Films and beauty products have kept banned players busy
While serving his ban, which barred him from any official cricket-related activities, Jadeja starred in a Bollywood movie, Khel - No Ordinary Game. For Sreesanth, who has been part of reality shows in the past, going down the Jadeja road could well be a path he could stride in the future. Rohit Bhaskar reports.india Updated: Sep 14, 2013 01:14 IST
S Sreesanth is reportedly in financial strife. Ankeet Chavan is a newly-wed and both men have been banned for life by the BCCI after being found guilty of spot-fixing.
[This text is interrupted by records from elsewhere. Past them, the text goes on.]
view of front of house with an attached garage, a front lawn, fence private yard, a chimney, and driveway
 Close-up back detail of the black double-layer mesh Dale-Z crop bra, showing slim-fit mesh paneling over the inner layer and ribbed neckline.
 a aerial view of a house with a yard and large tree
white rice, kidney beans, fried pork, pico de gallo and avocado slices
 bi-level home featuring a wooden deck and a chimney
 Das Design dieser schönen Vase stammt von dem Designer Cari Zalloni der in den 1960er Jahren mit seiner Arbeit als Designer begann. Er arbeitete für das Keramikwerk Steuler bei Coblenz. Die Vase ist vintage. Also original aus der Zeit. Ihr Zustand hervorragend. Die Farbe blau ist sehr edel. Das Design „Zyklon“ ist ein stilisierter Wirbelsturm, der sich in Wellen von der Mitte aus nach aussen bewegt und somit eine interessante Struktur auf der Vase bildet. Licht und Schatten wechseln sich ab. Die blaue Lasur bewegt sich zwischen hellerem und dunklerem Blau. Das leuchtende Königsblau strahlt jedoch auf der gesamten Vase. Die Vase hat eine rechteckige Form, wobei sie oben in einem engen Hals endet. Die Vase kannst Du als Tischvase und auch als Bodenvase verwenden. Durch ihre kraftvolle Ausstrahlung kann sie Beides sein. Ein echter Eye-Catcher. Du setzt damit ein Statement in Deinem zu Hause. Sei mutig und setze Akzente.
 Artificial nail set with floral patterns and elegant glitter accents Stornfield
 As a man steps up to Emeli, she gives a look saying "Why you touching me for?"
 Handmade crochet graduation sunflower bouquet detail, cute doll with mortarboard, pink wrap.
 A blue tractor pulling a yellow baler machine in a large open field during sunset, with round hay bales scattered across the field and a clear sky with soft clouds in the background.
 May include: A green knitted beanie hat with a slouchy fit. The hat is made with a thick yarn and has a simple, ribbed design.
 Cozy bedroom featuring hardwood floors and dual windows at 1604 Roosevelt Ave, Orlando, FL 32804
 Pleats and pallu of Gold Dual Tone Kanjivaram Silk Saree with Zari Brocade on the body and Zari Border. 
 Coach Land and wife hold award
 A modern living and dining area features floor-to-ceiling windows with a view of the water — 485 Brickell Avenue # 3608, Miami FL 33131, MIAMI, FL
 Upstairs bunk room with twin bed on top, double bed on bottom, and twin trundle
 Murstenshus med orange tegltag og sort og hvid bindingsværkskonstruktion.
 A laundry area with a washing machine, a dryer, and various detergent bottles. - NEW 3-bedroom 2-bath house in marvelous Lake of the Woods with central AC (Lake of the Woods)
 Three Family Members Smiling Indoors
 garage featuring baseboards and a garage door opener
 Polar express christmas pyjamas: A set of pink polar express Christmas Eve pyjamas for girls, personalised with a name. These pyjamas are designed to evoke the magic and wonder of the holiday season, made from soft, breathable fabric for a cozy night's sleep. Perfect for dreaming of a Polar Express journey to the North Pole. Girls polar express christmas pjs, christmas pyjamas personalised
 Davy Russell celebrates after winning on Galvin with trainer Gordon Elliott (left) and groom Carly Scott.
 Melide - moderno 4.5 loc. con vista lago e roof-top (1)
The only certainty as of now is a lengthy court appeal. The next paycheck is the greatest uncertainty.
Ajay Jadeja understands the plight of the duo. In 2000, he was implicated and banned for five years by the BCCI despite inconclusive evidence based on a CBI inquiry. Jadeja returned and captained Delhi and Rajasthan in Ranji Trophy after serving out four of the stipulated years.
“It’s like studying for 12 years in school, three years after that in college, and then suddenly being told that you can’t pursue that path anymore,” he told HT.
While serving his ban, which barred him from any official cricket-related activities, Jadeja starred in a Bollywood movie, Khel - No Ordinary Game. The movie didn’t do much at the box office.
For Sreesanth, who has been part of reality shows in the past, going down the Jadeja road could well be a path he could stride in the future.
Manoj Prabhakar, the man who blew the lid on the match-fixing scandal with damning allegations against his former teammates, was also implicated and banned for five years in 2000, by when he had already retired.
His advice is simple, “You’ve got to find ways to survive. Once my cricket was over, I focused on my business. I knew that’s what I had to do to make ends meet.”
Prabhakar’s business attempts cover opposite ends of the spectrum. His Delhi-based beauty products and cosmetics company, Naturence, which he formed towards the end of his playing career (in 1995), has been successful and was one of his primary sources of income.
He was also involved in a Rs 50 crore chit-fund scam, engineered by a company called Apace, in which thousands of small investors from Uttar Pradesh and Madhya Pradesh were been duped. He was arrested on the charges, before getting bail.
He would return to the Delhi Ranji team as coach before being sacked under controversial circumstances.
His closing words echo. “They can take away everything, but they can’t take away your knowledge and understanding of cricket. That will always be there.”